An Italian gem of a dessert, incorporating fresh fruit with anise flavored liqueur and delightful fennel. Superb and rich flavor.

Apricots with Anisette and Fennel
 
Author:
Recipe type: Desserts
Serves: 2 quarts
Ingredients
  • 3 pounds fresh apricots
  • 2 1/2 Cups water
  • 1/2 Cup anisette
  • 2 Cups sugar
  • 4 6-inch sprigs fresh green or bronze fennel
  • Alternatives:
  • cinnamon basil and cinnamon liqueur are an alternative
Instructions
  1. Prepare jars, lids and boiling water bath.
  2. Wash and dry the apricots, then prick each one several times. Combine the water, anisette and sugar in a pan and cook over a med-high heat, stirring frequently, until the mixture boils and the sugar is dissolved. Add the apricots and simmer for 3 minutes.

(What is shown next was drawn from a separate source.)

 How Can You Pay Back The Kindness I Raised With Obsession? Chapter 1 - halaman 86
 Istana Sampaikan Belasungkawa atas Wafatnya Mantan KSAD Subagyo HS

  3. Fill each hot dry jar with the fruit and two fennel springs, leaving 1/2 inch headspace. Pour hot liquid over the fruit until just covered. Wipe the rims with a clean towel and attach the lids securely.
  4. Place the jars in boiling water bath, and when the water returns to boil, process for 25 minutes.